Omoharu Nakanaka laughs theatrically in Komi Can't Communicate.

Unlike terms such as tsundere and kuudere, chunibyo can also be used to describe real-life people; that's how it got started in Japan in the late 1990s. At the time, the term was used to describe second-year middle school students, or 8th graders, who had a flair for the dramatic in an attempt to stand out and look cool. These students often had delusions of grandeur and even suggested that they had supernatural powers and abilities no one else did, which sometimes involved their eyes. Such students might wear eyepatches or claim to be a fantasy prince or princess in disguise, and they could use special powers but chose not to.

Whether in fiction or real life, chunibyo describes someone who is simply going through a phase, and won't necessarily keep up their antics in high school or beyond. It might be roughly compared to Goth kids or "emo" kids who, for a time, dive deep into their chosen subculture and use it to express themselves until they move on to something else or simply outgrow it.

Chunibyo behavior is also an example of a counterculture movement, almost like delinquents or punks, which may be an even bigger deal in a conformist society such as Japan's. Whether or not a chunibyo student is making a statement about society may vary from case to case, however. Some chunibyo people or characters choose this trend simply to look cool or gain validation, or to amuse themselves. More than a few anime characters have embraced the subculture in a variety of genres, including both Komi Can't Communicate's Nakanaka and MHA's Fumikage.

How Nakanaka & Fumikage Try To Stand Out as Chunibyo

Nakanaka and Fumikage are both recent examples of chunibyo characters in anime, and while they express it in similar ways, they seem to have different reasons for it. Nakanana is portrayed as a chunibyo in Komi Can't Communicate mainly for humorous reasons. In fact, much of the Komi cast appear to be gentle parodies of stock characters, from Ren Yamai the yandere to Agari Himiko, the shy library girl. Nakanaka, meanwhile, is Komi's obligatory chunibyo, a dramatic girl who seems to have no deep-seated reason to embrace this counterculture except for the fun of it.

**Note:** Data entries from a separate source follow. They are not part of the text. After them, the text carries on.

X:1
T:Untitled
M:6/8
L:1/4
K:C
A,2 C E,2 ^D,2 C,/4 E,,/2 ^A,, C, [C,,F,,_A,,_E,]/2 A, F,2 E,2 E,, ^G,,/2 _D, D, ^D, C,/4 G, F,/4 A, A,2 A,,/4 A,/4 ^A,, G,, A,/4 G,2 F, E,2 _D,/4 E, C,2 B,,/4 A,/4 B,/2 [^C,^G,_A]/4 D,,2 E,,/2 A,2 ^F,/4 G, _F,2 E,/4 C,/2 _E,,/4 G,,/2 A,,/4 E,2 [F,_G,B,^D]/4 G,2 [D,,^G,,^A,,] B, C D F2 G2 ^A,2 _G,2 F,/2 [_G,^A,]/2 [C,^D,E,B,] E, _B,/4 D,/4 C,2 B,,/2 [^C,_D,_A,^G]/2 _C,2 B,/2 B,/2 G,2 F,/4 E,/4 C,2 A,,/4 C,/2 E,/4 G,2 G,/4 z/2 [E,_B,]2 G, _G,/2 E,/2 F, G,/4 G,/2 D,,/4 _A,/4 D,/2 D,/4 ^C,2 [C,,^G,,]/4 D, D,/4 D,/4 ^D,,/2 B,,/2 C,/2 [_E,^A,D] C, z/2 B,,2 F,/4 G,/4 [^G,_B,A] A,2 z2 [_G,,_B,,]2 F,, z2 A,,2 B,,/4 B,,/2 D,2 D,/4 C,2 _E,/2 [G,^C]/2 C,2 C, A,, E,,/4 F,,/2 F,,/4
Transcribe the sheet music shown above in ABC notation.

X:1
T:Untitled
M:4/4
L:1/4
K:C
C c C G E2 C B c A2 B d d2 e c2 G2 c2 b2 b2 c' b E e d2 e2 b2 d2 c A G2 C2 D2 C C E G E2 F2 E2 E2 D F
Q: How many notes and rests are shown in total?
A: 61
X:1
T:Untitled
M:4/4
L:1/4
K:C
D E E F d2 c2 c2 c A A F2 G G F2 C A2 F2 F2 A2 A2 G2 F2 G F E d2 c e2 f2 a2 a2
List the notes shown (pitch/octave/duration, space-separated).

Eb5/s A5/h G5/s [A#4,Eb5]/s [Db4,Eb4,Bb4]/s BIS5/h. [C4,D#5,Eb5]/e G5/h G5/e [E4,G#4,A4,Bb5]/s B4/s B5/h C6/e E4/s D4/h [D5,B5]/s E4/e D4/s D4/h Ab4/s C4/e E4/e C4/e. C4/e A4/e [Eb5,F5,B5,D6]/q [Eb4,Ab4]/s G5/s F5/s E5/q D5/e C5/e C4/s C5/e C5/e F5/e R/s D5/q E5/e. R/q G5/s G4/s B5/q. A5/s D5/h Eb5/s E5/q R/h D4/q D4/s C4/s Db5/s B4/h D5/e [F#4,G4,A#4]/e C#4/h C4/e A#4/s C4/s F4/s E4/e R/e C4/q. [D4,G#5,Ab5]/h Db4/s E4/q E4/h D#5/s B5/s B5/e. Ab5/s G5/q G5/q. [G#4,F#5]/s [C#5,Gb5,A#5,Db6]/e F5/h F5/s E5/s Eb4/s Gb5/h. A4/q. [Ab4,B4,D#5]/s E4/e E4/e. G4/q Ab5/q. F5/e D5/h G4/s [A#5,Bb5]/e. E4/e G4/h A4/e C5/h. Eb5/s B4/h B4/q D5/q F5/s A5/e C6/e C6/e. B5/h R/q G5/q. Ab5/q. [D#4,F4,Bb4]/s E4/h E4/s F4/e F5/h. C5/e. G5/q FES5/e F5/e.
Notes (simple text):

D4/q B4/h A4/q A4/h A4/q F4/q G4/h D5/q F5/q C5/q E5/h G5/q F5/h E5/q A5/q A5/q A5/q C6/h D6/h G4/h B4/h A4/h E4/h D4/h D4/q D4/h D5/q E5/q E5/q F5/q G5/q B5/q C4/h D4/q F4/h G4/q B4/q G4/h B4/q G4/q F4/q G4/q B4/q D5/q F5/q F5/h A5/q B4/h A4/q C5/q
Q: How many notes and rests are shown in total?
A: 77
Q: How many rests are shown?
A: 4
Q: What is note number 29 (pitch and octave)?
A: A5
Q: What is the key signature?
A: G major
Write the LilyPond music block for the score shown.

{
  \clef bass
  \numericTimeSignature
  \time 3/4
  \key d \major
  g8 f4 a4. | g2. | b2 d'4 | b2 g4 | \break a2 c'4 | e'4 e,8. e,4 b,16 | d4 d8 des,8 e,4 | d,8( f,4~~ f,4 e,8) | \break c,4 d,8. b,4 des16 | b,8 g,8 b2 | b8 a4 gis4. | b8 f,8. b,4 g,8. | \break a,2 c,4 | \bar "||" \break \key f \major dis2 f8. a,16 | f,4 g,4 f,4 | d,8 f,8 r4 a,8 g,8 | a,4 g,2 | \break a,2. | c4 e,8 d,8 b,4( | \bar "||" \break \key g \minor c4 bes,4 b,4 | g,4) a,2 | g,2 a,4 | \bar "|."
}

Nakanaka isn't compensating for a lack of love at home or frustration in her life; rather, she's a chunibyo simply in a juvenile attempt to stand out, which is the essence of being one in the first place. Nakanaka may feel too boring or ordinary otherwise, so she embraced this dramatic lifestyle and claims to have a "dragon force" and other mystical powers. She also embraces otaku culture to some degree, such as her extensive manga collection, JRPG posters and her fondness for the Swamp Bros. game, a parody of the Super Smash Bros. games.

Meanwhile, My Hero Academia's Tokoyami Fumikage is a darkness-themed hero in many ways, from his own chunibyo personality to his shadow-based Quirk, Dark Shadow, and his Goth-themed dorm room. Tokoyami doesn't just dream about the chunibyo life, he actually lives it as a costumed hero in training. Fumikage's Goth-themed bedroom and decorative sword reminded the other Class 1-A boys of their own middle school days, the perfect timing for a chunibyo phase. Kirishima Eijiro, for example, saw a cool keychain in Tokoyami's room and noted how he had a similar one in middle school.

Tokoyami's chunibyo tendencies appear more serious than Nakanaka's for one reason: he may have embraced this lifestyle to compensate for discrimination against his heteromorph status. In My Hero Academia, heteromorphs are often looked down on, and having a raven head could make him the target of unfair and cruel disapproval or ostracization. So to compensate, perhaps he embraced the chunibyo lifestyle to reclaim it and prevent anyone from scorning him for being different. He extended that strategy into his pro hero life so he can save the day as a proud chunibyo and heteromorph. For Tokoyami, it's not some cheap 8th grade phase -- it's his entire life.